Registering voters “is not something we focus on,” Drew said. “We know we would just be registering Democrats, so who cares? Registering Republicans is a losing battle and a serious waste of time.”
Brown students helped Ward 1 City Council candidate Seth Yurdin register voters both before and after he won the Democratic primary. However, Yurdin’s voter registration efforts were “more neighborhood-based,” he said. “There are a large number of people in the neighborhood that are voters but aren’t registered here,” he said, adding that “it was pretty easy to get them registered.”
Yurdin did not have any predictions about voter turnout in the upcoming election, though he said the Ward 1 residents his campaign registered “certainly seem like they’re likely voters.”

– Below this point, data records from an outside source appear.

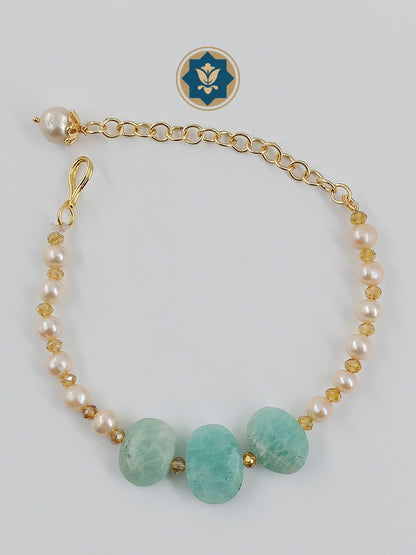 Real Pearls and Amazonite Stone Beaded Bracelet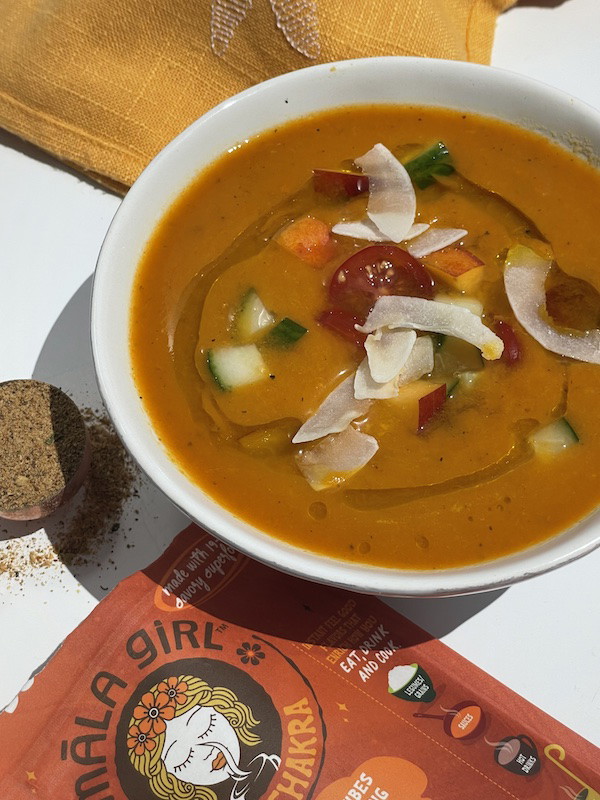 chilled carrot and pineapple soup with cucumber pico garnish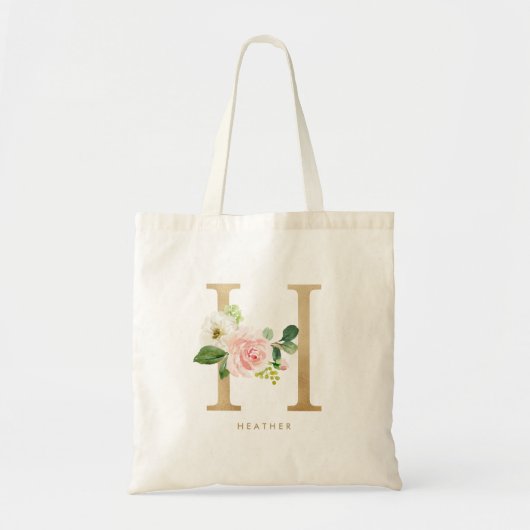 Pioen Bloem Letter H Gouden Monogram Bruidsmeisje Tote Bag (Voorkant)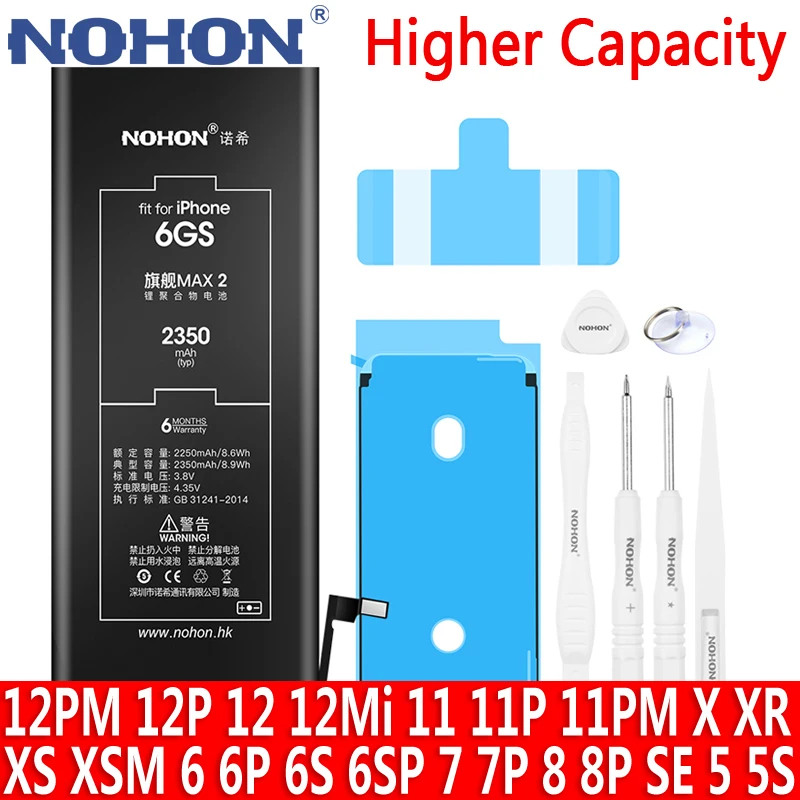  Аккумулятор NOHON для iPhone 6S 6 7 8 Plus X XR сменная батарея для iPhone 11 12 Pro XS MAX 12 Mini SE 2020 SE2 5S 5C 5 6Plus 7Plus сменный литий-полимерный батарея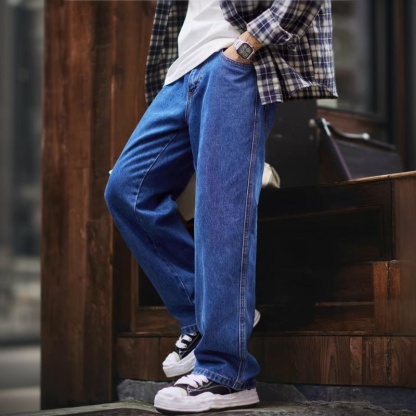 美式春秋cleanfit寬鬆直筒牛仔褲男2026新款藍色大碼休閒長褲子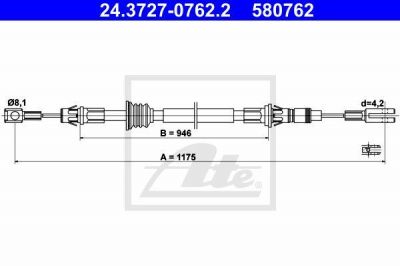 ATE 24.3727-0762.2 трос, стояночная тормозная система на OPEL MOVANO Combi (J9)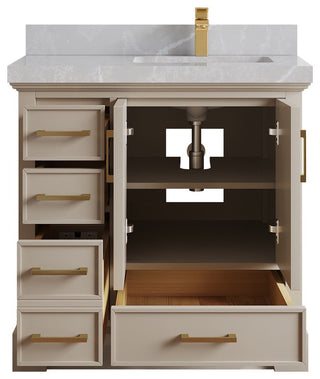 Charlotte 36" Right Offset Bath Vanity in Fine Grain 2" Pearl Gray Quartz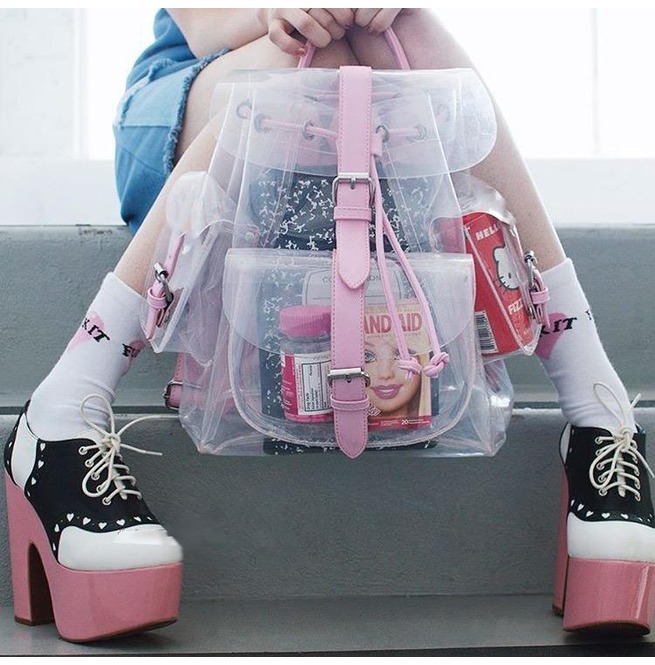 aesthetic clear backpack
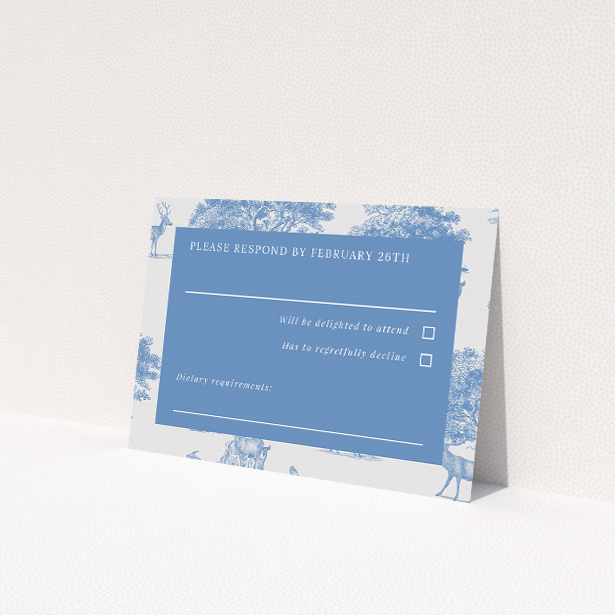 Serene Woodland Harmony RSVP Card - Wedding Stationery by Utterly Printable. This is a view of the front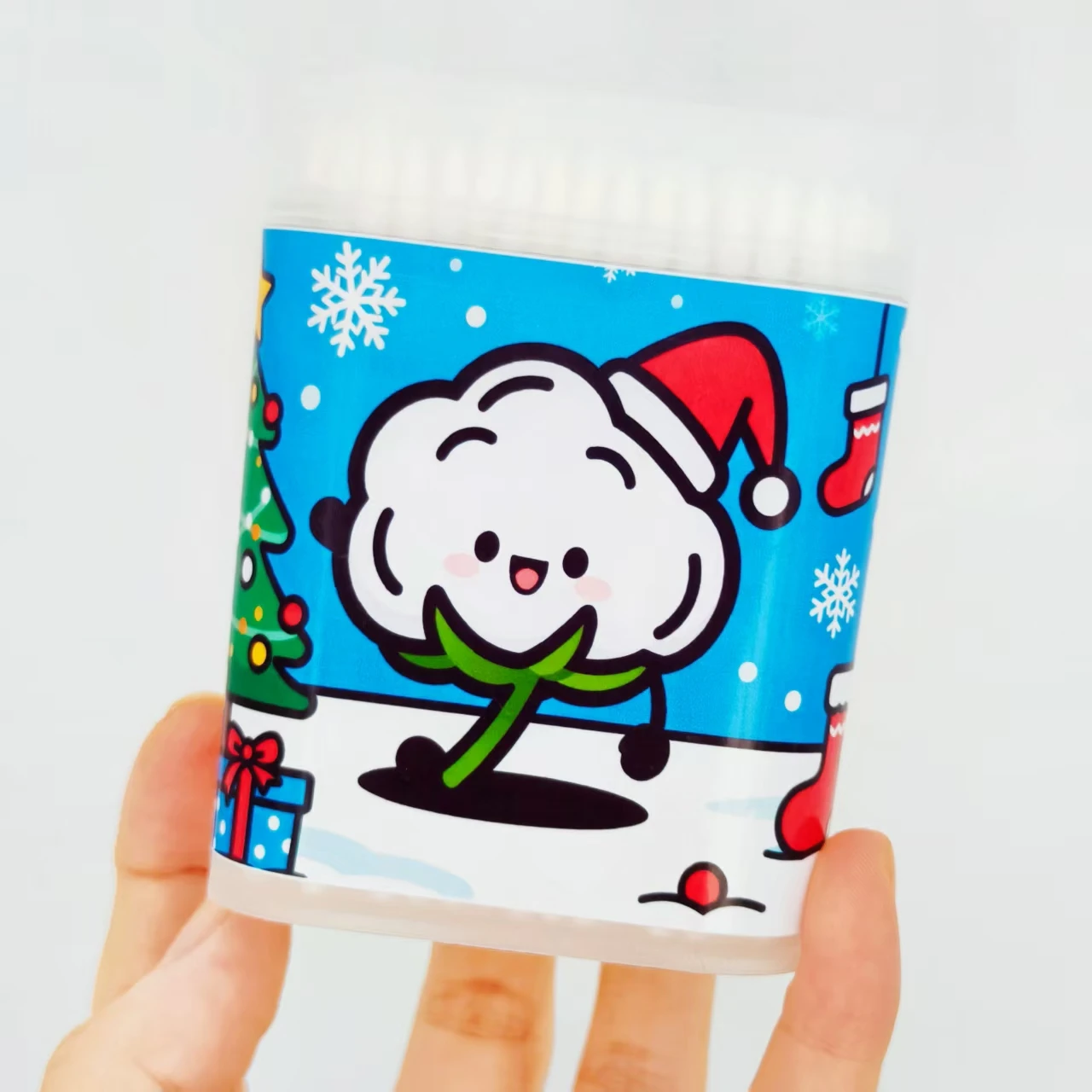 400 Stück/600 Stück Weihnachts-Design-Wattestäbchen, weißes Weihnachtsthema-Muster, feinachsiges Wattestäbchen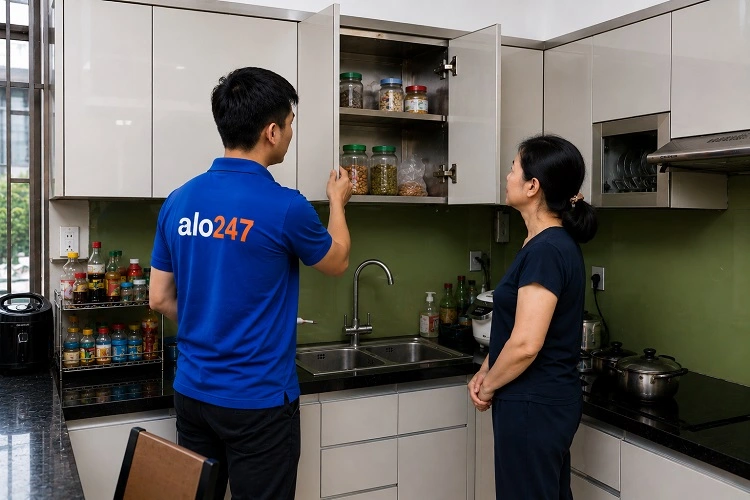 thợ alo247 khảo sát và tư vấn phương án sửa tủ bếp inox tại nhà khách hàng
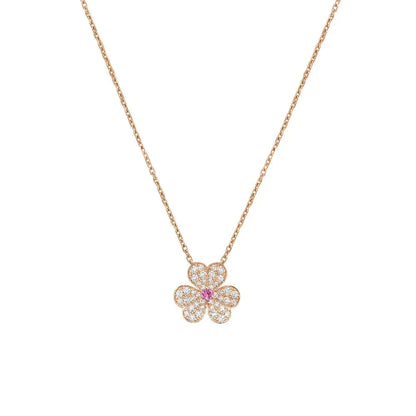 [Okajuri Jewelry]FRIVOLE ROSE GOLD FLOWER DIAMOND NECKLACE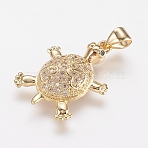 Brass Micro Pave Cubic Zirconia Pendants, Tortoise, Real 18K Gold Plated, 22.5x15.5x4mm, Hole: 3.5x4mm(X1-ZIRC-G104-23G)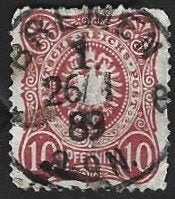 1 Postzegel Duitse Rijk Cijfer adelaar, inschrift "Pfennig", Ophalen of Verzenden, Duitse Keizerrijk, Gestempeld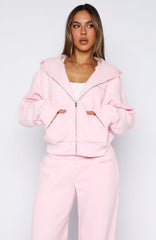 Come A Long Way Boxy Zip Front Hoodie Pink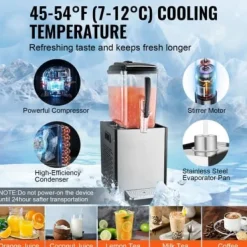 Dryckesautomater-Dryckesdispenser, 12 L, 22,5x43x68 cm, Rostfritt stål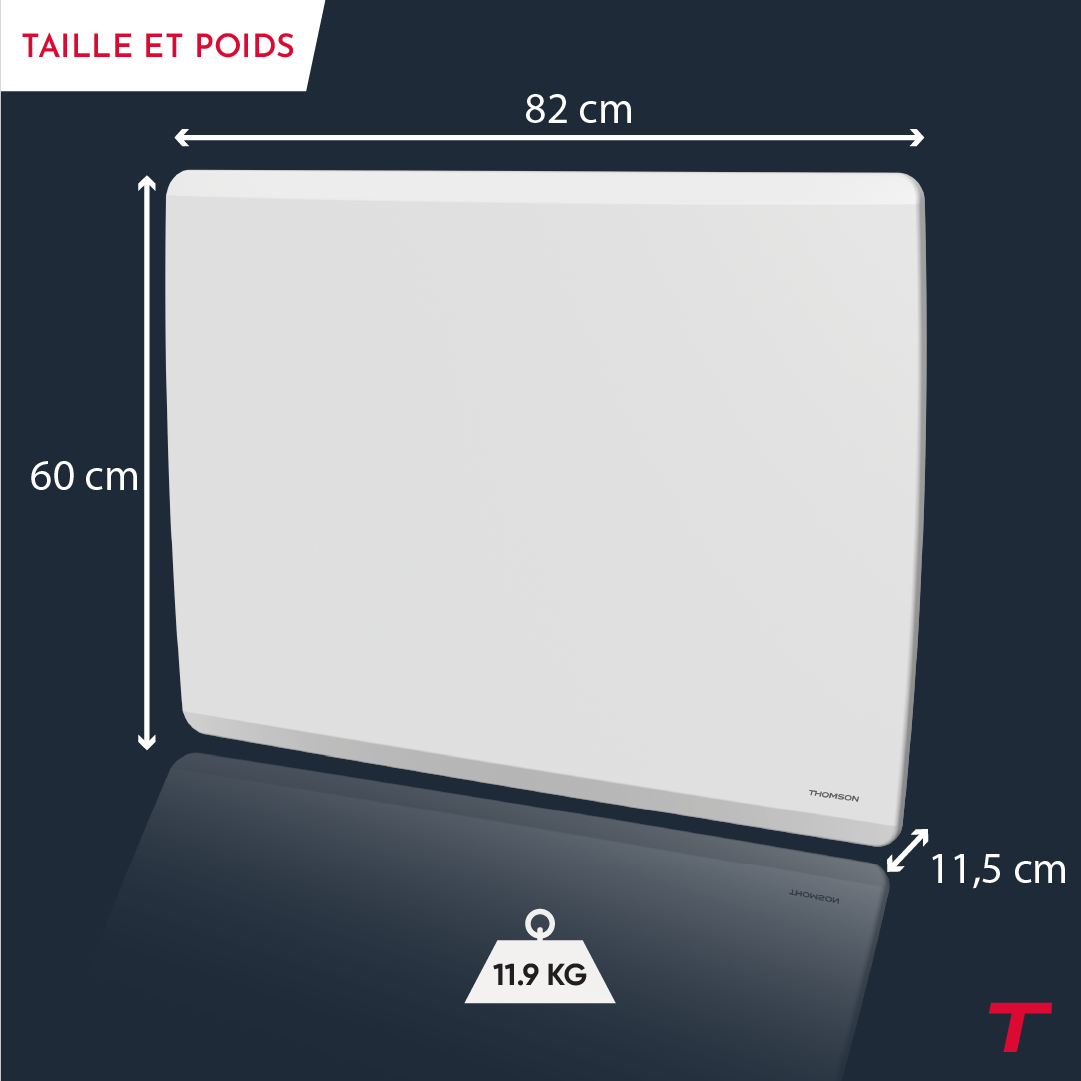 Radiateur MOLY de 2000W de la marque Thomson avec ses dimensions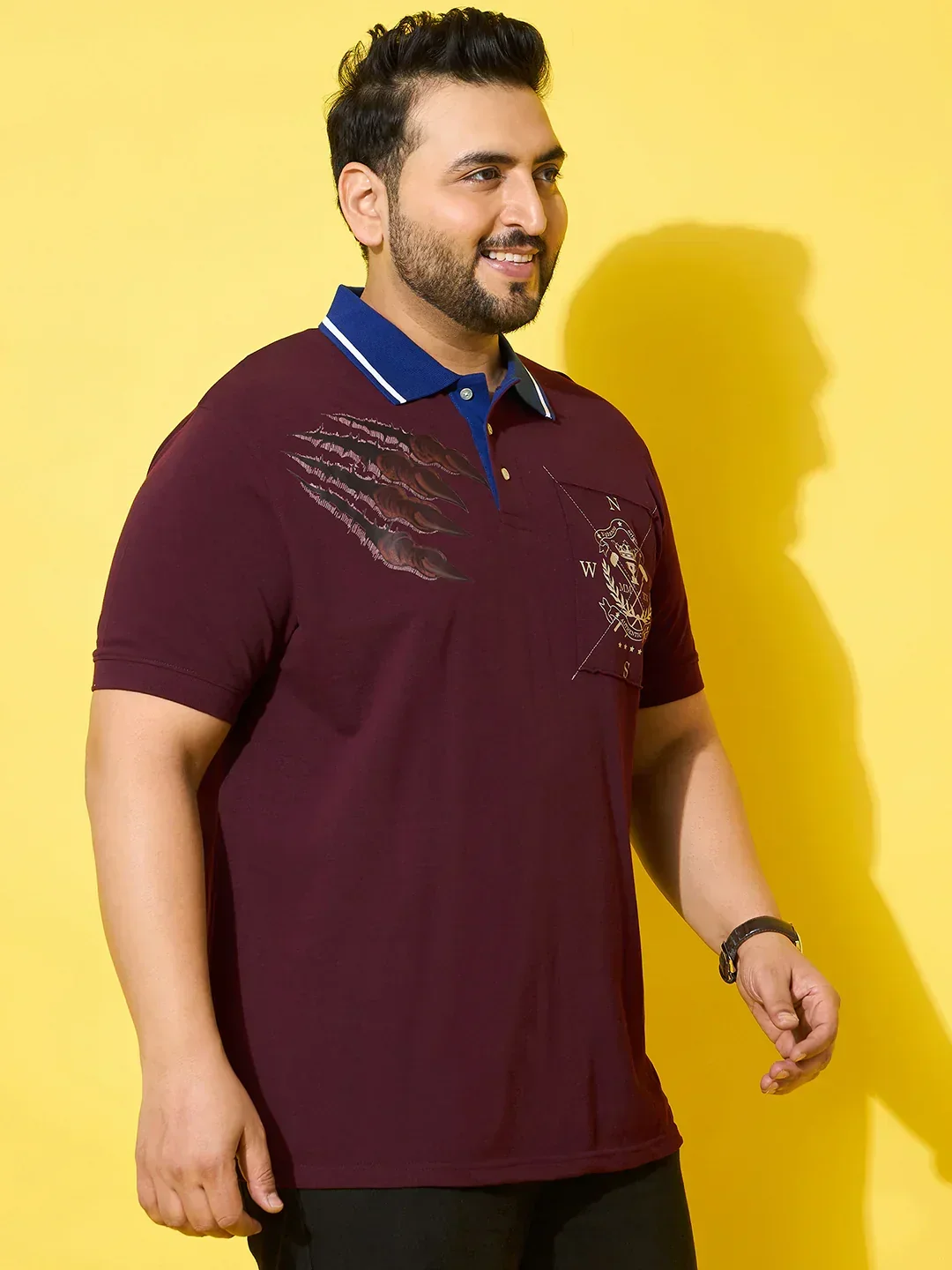 Men Plus Size Slash Maroon Printed Polo Tshirt - Image 4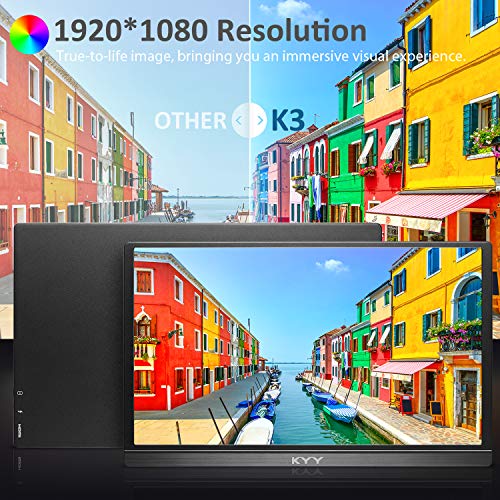 KYY MONITOR PORTÁTIL DE 156 PULGADAS FHD 1080P USB C HDMI MONITOR DE JUEGOS ULTRA DELGADO PANTALLA IPS CON CUBIERTA INTELIGENTE - 3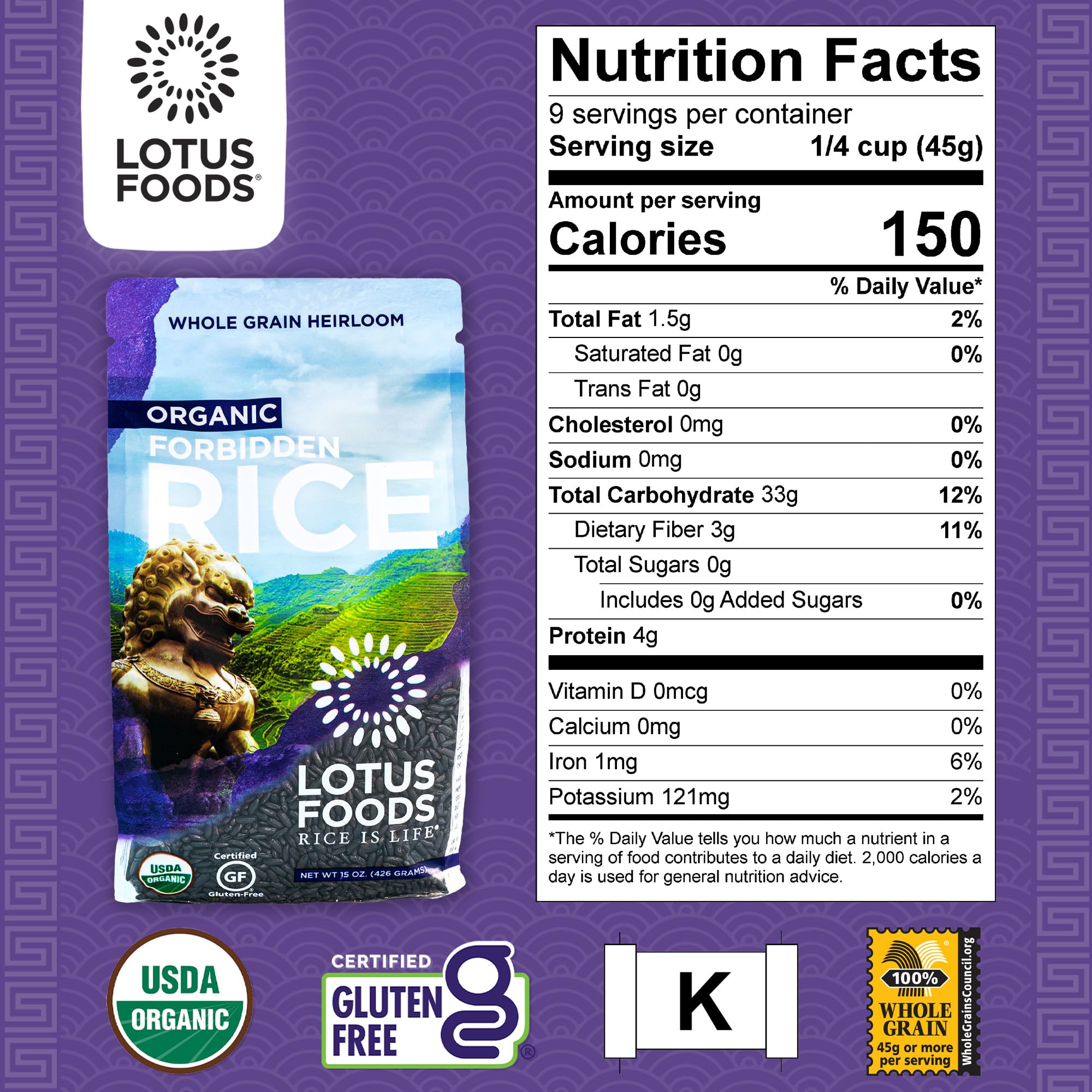 Lotus Foods Organic Forbidden Rice uncooked grains for versatile home cooking.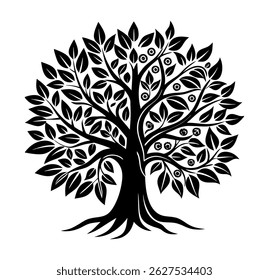 Descarga digital de la Ilustración vectorial del diseño de la silueta para un árbol hermoso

Ethan Ris ’05, who challenged Yurdin in the Democratic primary, disagreed, saying, “You can register new voters, but they’re very difficult to get to the polls. … The ones who vote are generally those who register on their own.”
Ris said because of this, voter registration “was one of those things I would have liked to do but didn’t have time for.”
Students on and off campus have worked with the Rhode Island Right to Vote campaign in support of Ballot Question 2, which would allow people out of prison, on probation or on parole the right to vote.
Question 2 will “restore the right to vote to 15,000 Rhode Islanders who are unfairly kept from the voting booth,” said Nancy Kirsch, deputy campaign manager for RI Right to Vote.
“Voting is absolutely a critical part of someone’s citizenship and a critical way to be a part of the democracy,” Kirsch said. “In a full democracy, every voice counts and every voice is heard.”
Numerous community organizations have undertaken major get-out-the-vote campaigns throughout Providence.
The Rhode Island Association of Community Organizations for Reform Now has registered over 9,000 new voters in Providence’s Olneyville, Elmwood, South Providence and Washington Park neighborhoods, said Amy Olin, head organizer of Rhode Island ACORN. An ACORN representative was also soliciting student voter registration on campus earlier this fall.
“Our organization has a membership of low- and moderate-income families that work on issues like quality health care and quality public schools,” Olin said.
Brown student voters played a major role in the 2002 Ward 1 City Council election, helping current Ward 1 City Councilman David Segal to victory in a tight four-way primary race.
Segal said he has never kept track of the number of Brown students his campaign registers to vote. He suggested the voter roll has been cleared out since the 2002 election, in which Brown student voters played such a pivotal role for him, since any voter who has not voted in four years is eligible to be kicked off the voter roll.
“It seems like a lot more (students vote) when it’s a presidential (election), which is weird, because it doesn’t really matter in Rhode Island,” Segal said, though he acknowledged that voter turnout is higher in presidential election years throughout the country.